Incidentally - if any one has any way of doing this in PHP without having to setup cron jobs (and not using node or its derivatives), I'm really open to any ideas!



I've got great news then: you can make the jump to RoR today! :)

This news isn't about Rails implementing its own background queue, but rather creating a unified API for interacting with background queuing systems; of which there are many. Resque (crafted at GitHub [1]) is probably the most popular: https://github.com/defunkt/resque.

1: https://github.com/blog/542-introducing-resque


There's also a PHP port of Resque that's fully compatible with the Ruby resque web interface - https://github.com/chrisboulton/php-resque

I've used it in production for a few different projects and highly recommend it (both the PHP and Ruby versions).

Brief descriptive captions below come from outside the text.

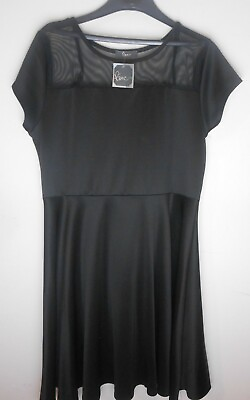 SHEER BODICE SLINKY BLACK DRESS 2X BY PINE SIZE 2X 1 TAG SHORT SLEEVES $17.00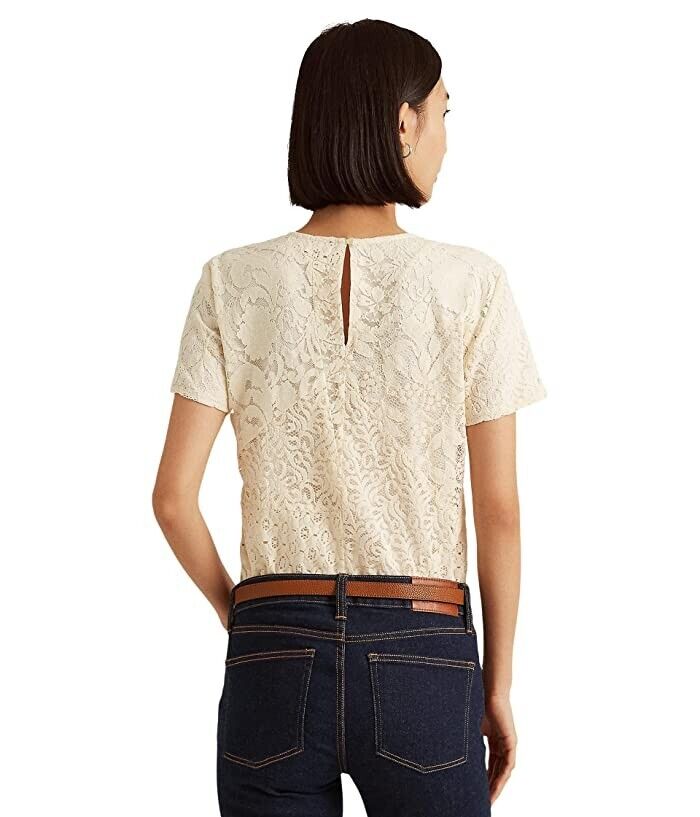 LAUREN Ralph Lauren Patchwork Lace Short Sleeve Blouse Ivory Size 10 MSRP $175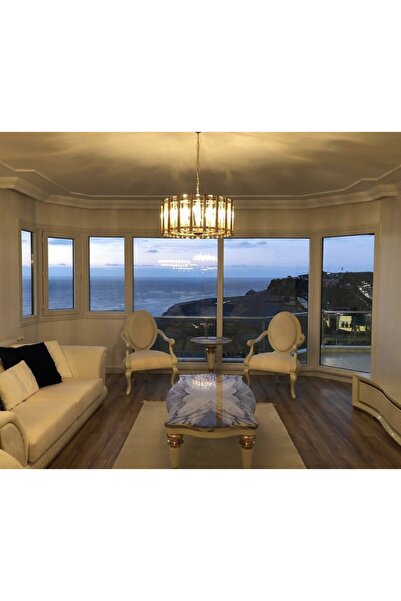 Cristalin Aydınlatma Modern Luxury Bronz Eskitme Taşlı Avize 60 cm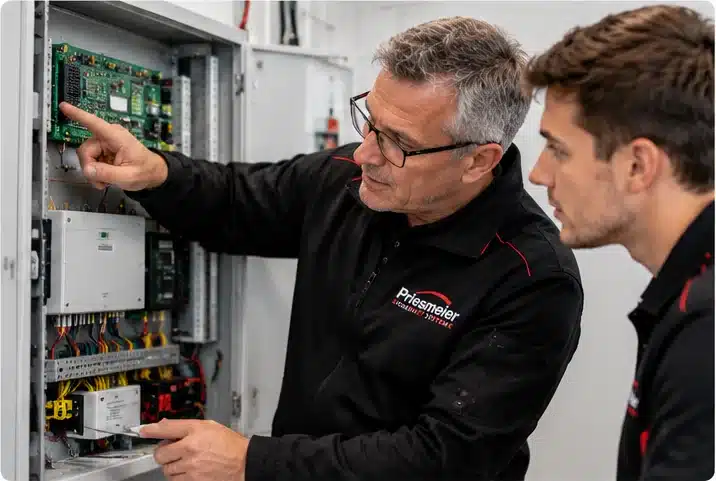 Erfahrener Techniker unterstützt einen Kollegen bei der Einarbeitung in die Sicherheitstechnik
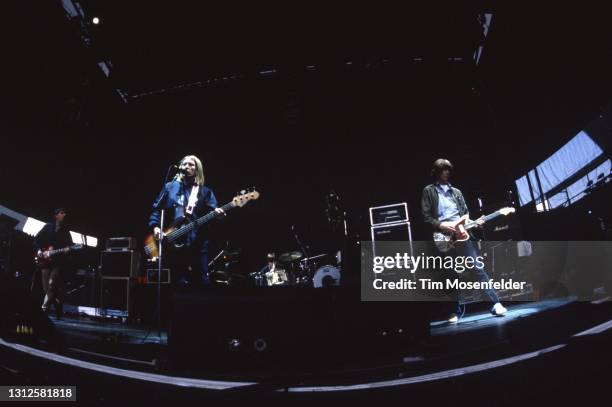 Lee Ranaldo, Kim Gordon, and Thurston Moore of the Sonic Youth perform at Shoreline Amphitheatre on May 16, 1995 in Mountain View, California.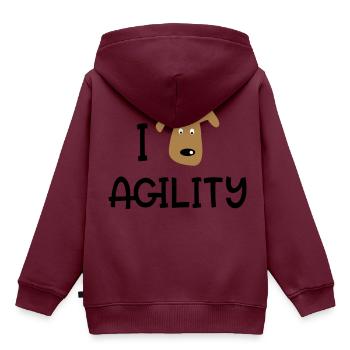 AGILITY - Kinder Premium Organic Hoodie - Burgunderrot - Hinten - AI Model Kid Female (0cm)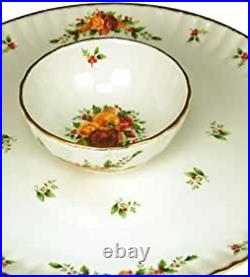 Royal Albert Old Country Roses Holiday 12-1/2-Inch Chip and Dip Server NEW BOX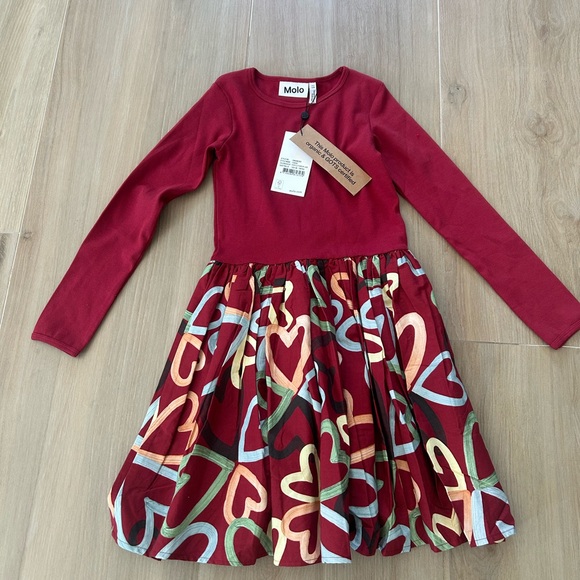 Molo Multicolor Heart Print Kids Dress - Picture 4 of 8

Although certainly not without its issues, the most popular solution for that platform is Gearman http://gearman.org . It's fairly ops-intensive, but the most friendly for PHP without having to resort to things like Stomp to interface with messaging (MQ) systems. Which are not optimally designed for job enqueing, per se.


Why you say that messaging systems are not designed for queueing? You seem to imply that servers like RabbitMQ won't do the job.


Why wouldn't you want to use a DB queue or something, and have a separate cronjob / process the outgoing email?


With this commit, you can if you want. This code decouples Rails from external queue solutions. If your application needs to interact with a queue, you only have to write it once and you can use a standard API to do it. If your external queue solution (your DB queue code) conforms to the API, you can switch it out with another conforming solution when your needs call for it.

As someone pointed out in the OP comments, this is like Rack for queues.


A queue is FIFO oriented, a database is least-recently-used (LRU). It works, but is not going to be the most efficient tool.

Where a queue is really useful is converting from foreground to background, so that you can optimize for throughput, rather than having to leave free capacity for 'random arrivals' of your foreground servers. Think of it as the same as the same problem as the bursty traffic that a bank machine gets, and why you always seem to have to line up.

The mathematical term is Poisson distribution: http://en.wikipedia.org/wiki/Poisson_distribution


DB table "pending_emails" with a time field...

cronjob removes them based on time entered, and sends them.

shrug



Triggering a background process is pretty easy, here's some script ideas to do it:

http://de2.php.net/manual/en/function.exec.php#35731

http://stackoverflow.com/questions/1019867/is-there-a-way-to...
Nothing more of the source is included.